[[ Records supplied open ]]

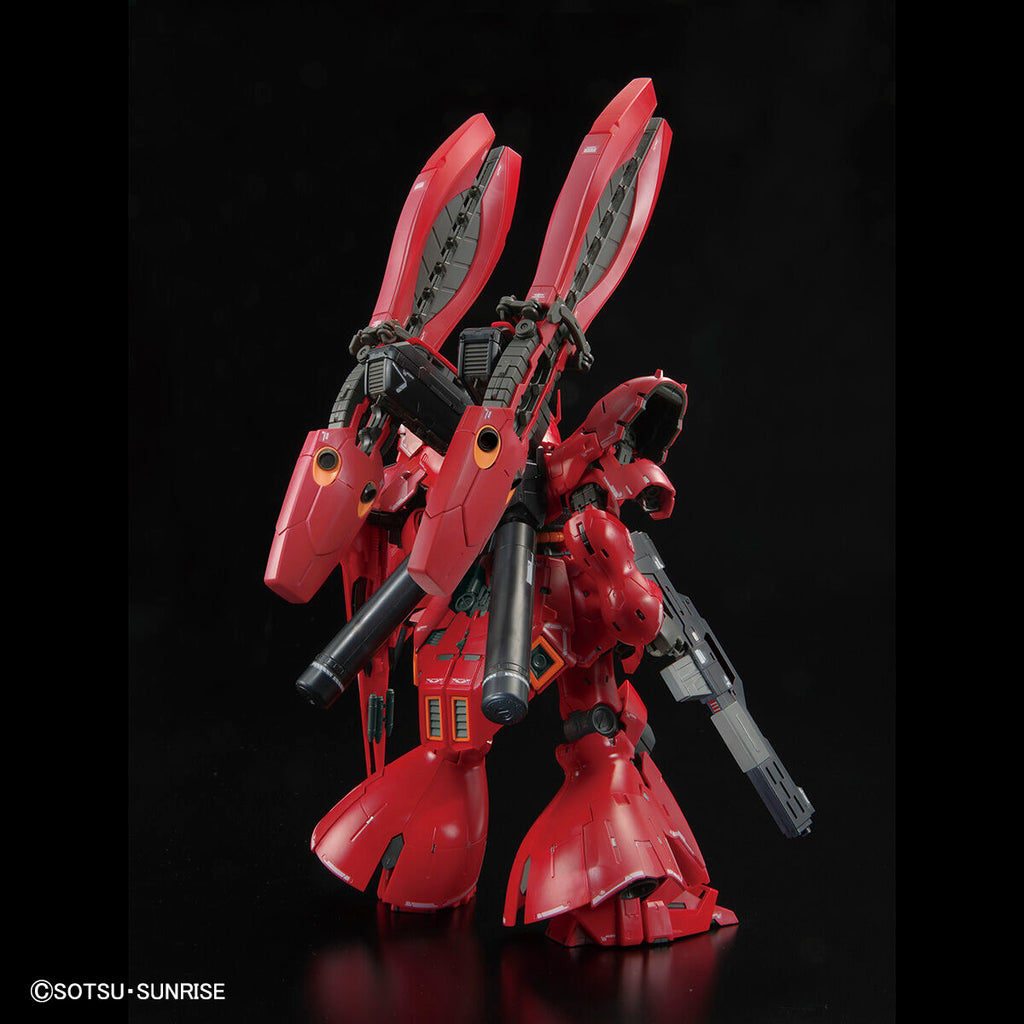ロボット MSN-04FF SAZABI RG1/144 RG MSN-04FF SAZABI 1/144 (Gundam Base) – Toronto Gundam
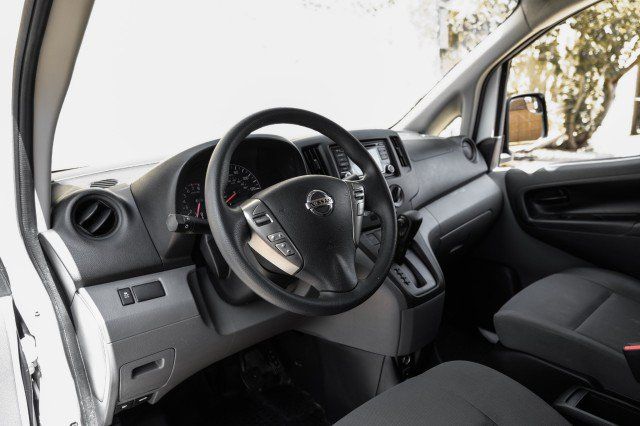 Used 2019 Nissan NV200 S w/ Cruise Control Package FWD image 2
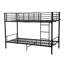 Zebedee European Single (90 x 200cm) Standard Bunk Bed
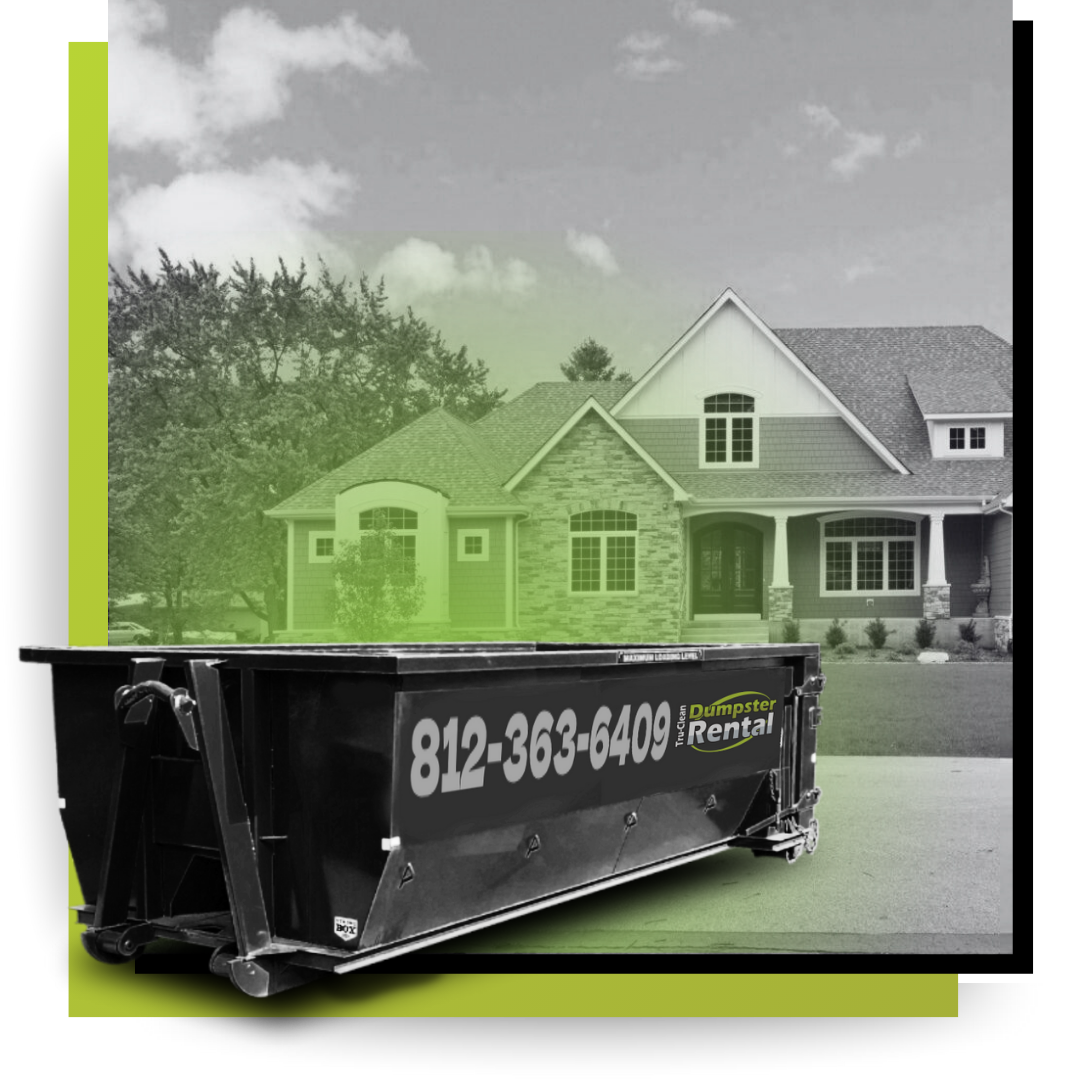 Tru-clean Dumpster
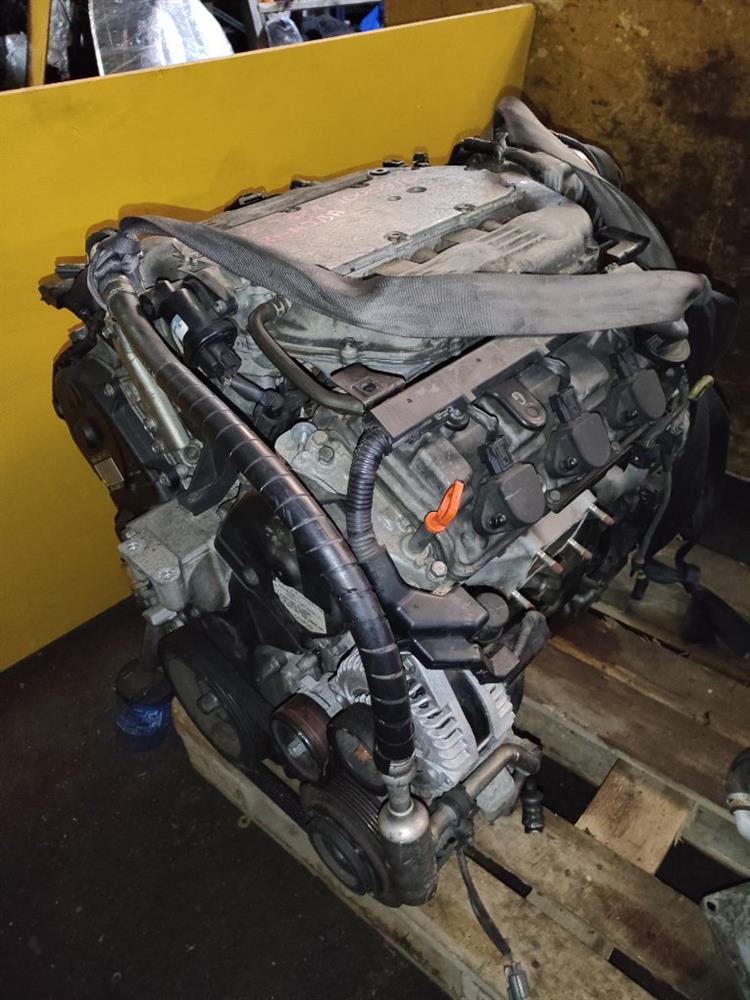 Двигатель Хонда Легенд в Махачкале 551641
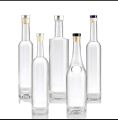 1 Pcs Style Glass Bottle For Drinking Water 1000 ml.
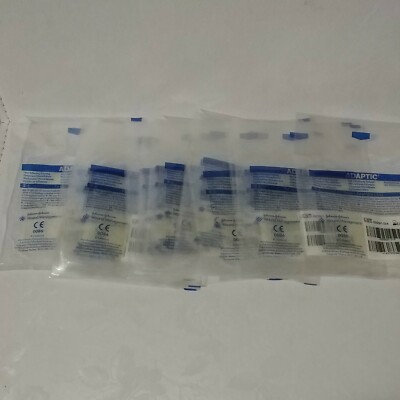 Lot-17 Johnson & Johnson Adaptic 2012 Non-Adhering Dressing 3''x3''-Exp 09-2014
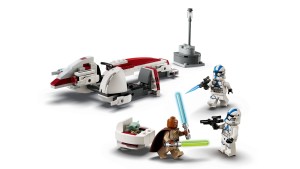 LEGO® Star Wars™ 75378 BARC Speeder™ ontsnapping
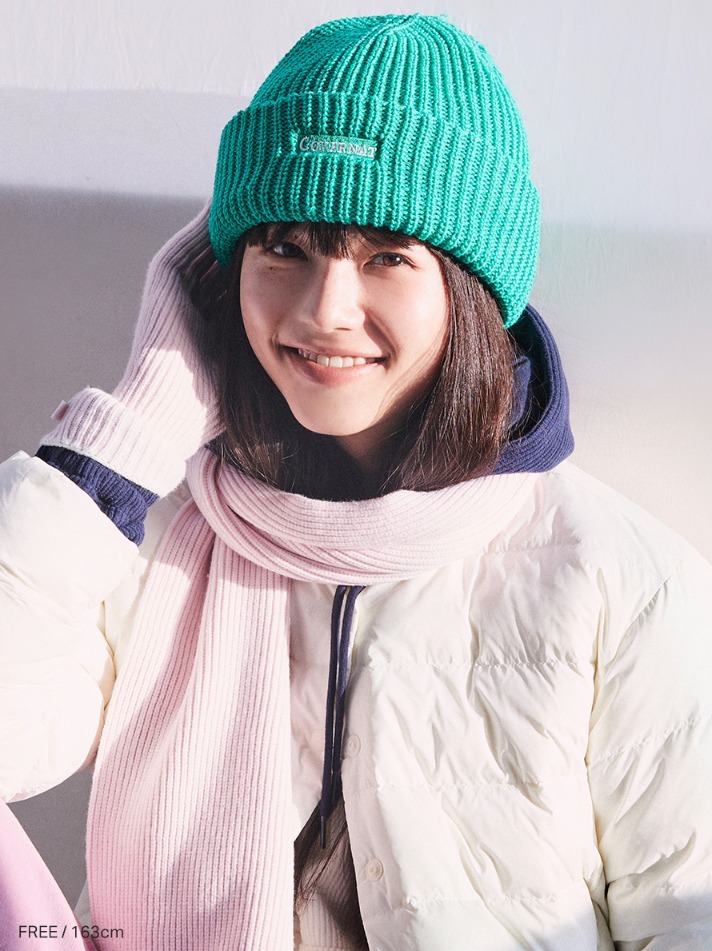 ☆人気☆【COVERNAT】☆AUTHENTIC MIDDLE BEANI.E☆ビーニー☆ ☆関税込☆COVERNAT☆AUTHENTIC MIDDLE BEANIE☆ビーニー☆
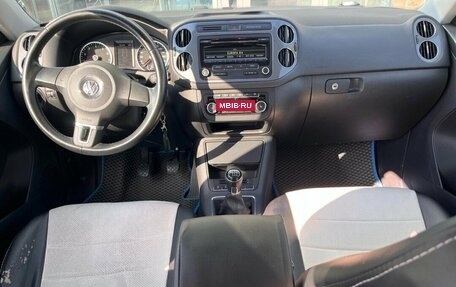 Volkswagen Tiguan I, 2014 год, 1 150 000 рублей, 9 фотография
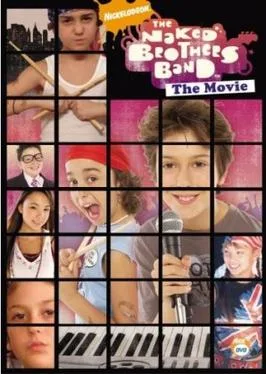 The Naked Brothers Band: The Movie poster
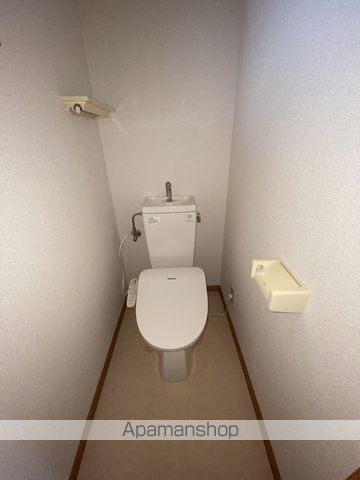 ニューガーデン壱番館のトイレ写真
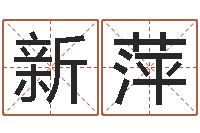 董新萍广告公司免费取名-周易测名打分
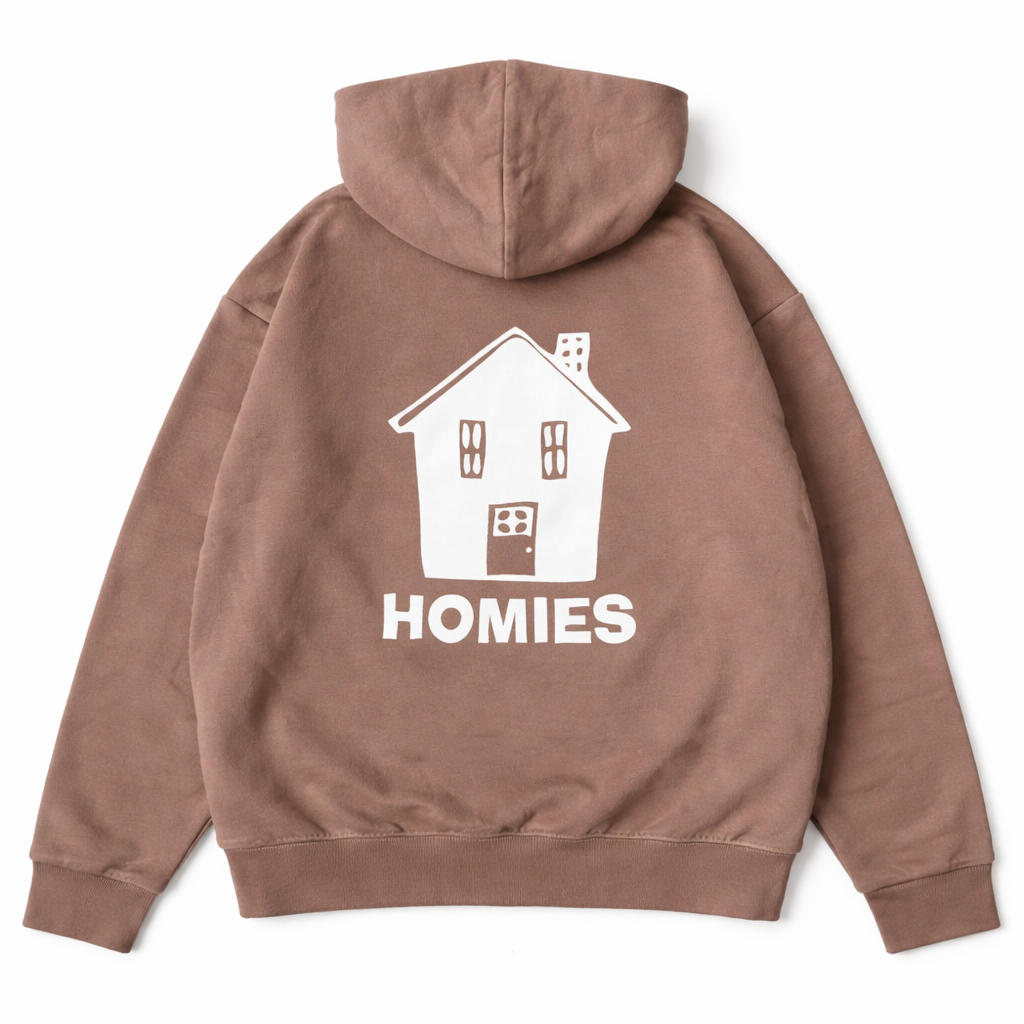 HOMIES H2 HOODIE
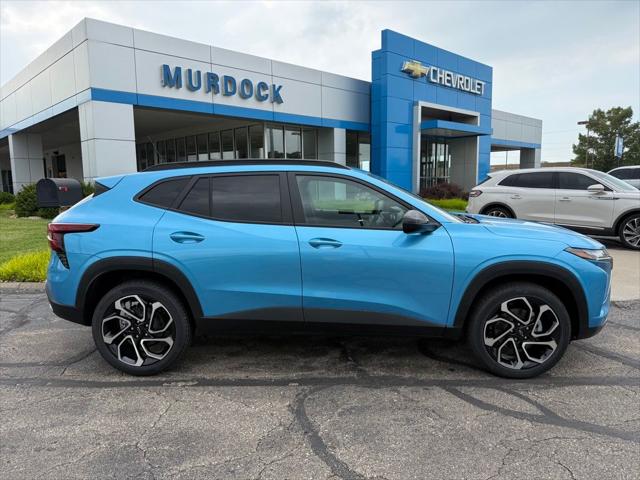 2026 Chevrolet Trax FWD 2RS for sale in Manhattan, KS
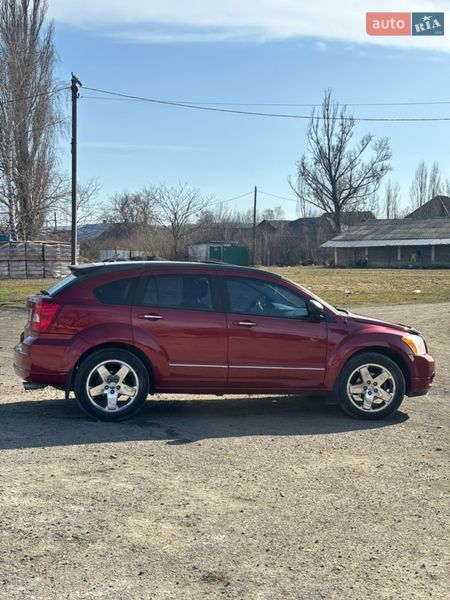 Внедорожник / Кроссовер Dodge Caliber 2007 в Черновцах
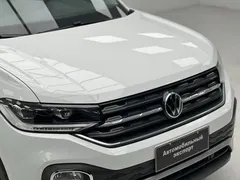 2021 Volkswagen Tacqua 1.5L AT, белый — фото 4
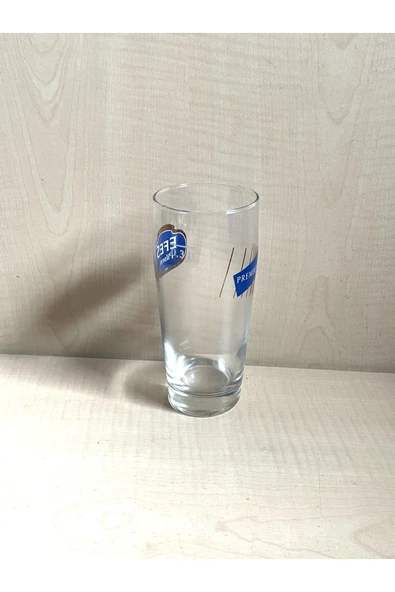 SANAT TACİRİ 1 ADET 0.3 LT BİRA BARDAĞI EFES BİRA KADEHİ NO 743 ürün görseli 1
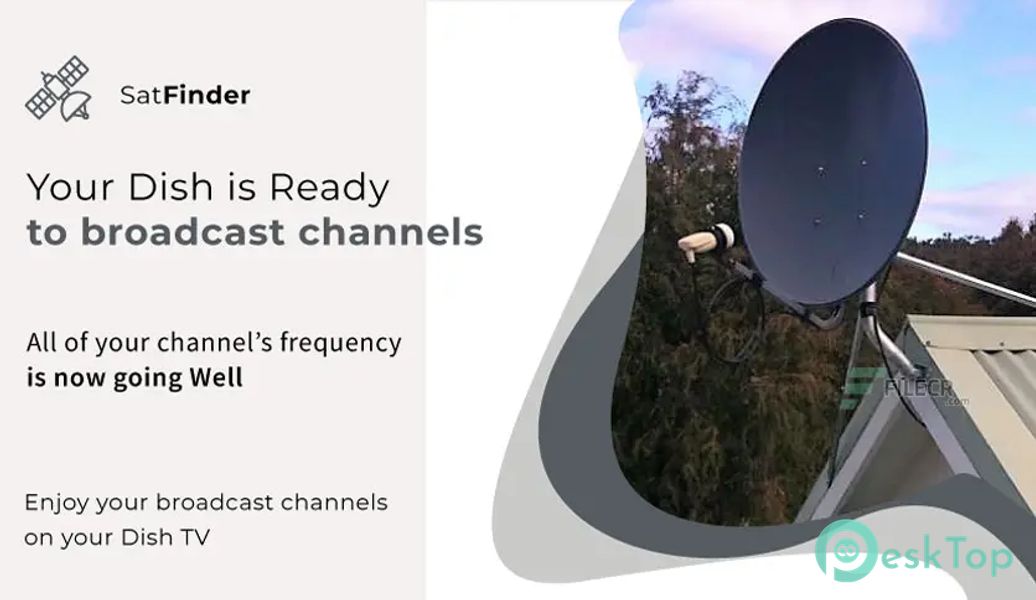 Antenna Map Satellite director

[[ Records supplied closed ]]

* Your task
Output, exactly and with no pictures, every line from the one that contains "LEGO® Star Wars™" through the final line of the entries.

* Completed exercise
 LEGO® Star Wars™ 75378 BARC Speeder™ ontsnapping
 ☆人気☆【COVERNAT】☆AUTHENTIC MIDDLE BEANI.E☆ビーニー☆ ☆関税込☆COVERNAT☆AUTHENTIC MIDDLE BEANIE☆ビーニー☆
 Volkswagen Tiguan I, 2014 год, 1 150 000 рублей, 9 фотография
 The Naked Brothers Band: The Movie poster
 ニューガーデン壱番館のトイレ写真
 董新萍广告公司免费取名-周易测名打分
 HOMIES H2 HOODIE
 2026 Chevrolet Trax FWD 2RS for sale in Manhattan, KS
 Внедорожник / Кроссовер Dodge Caliber 2007 в Черновцах
 2021 Volkswagen Tacqua 1.5L AT, белый — фото 4
 SANAT TACİRİ 1 ADET 0.3 LT BİRA BARDAĞI EFES BİRA KADEHİ NO 743 ürün görseli 1
 Antenna Map Satellite director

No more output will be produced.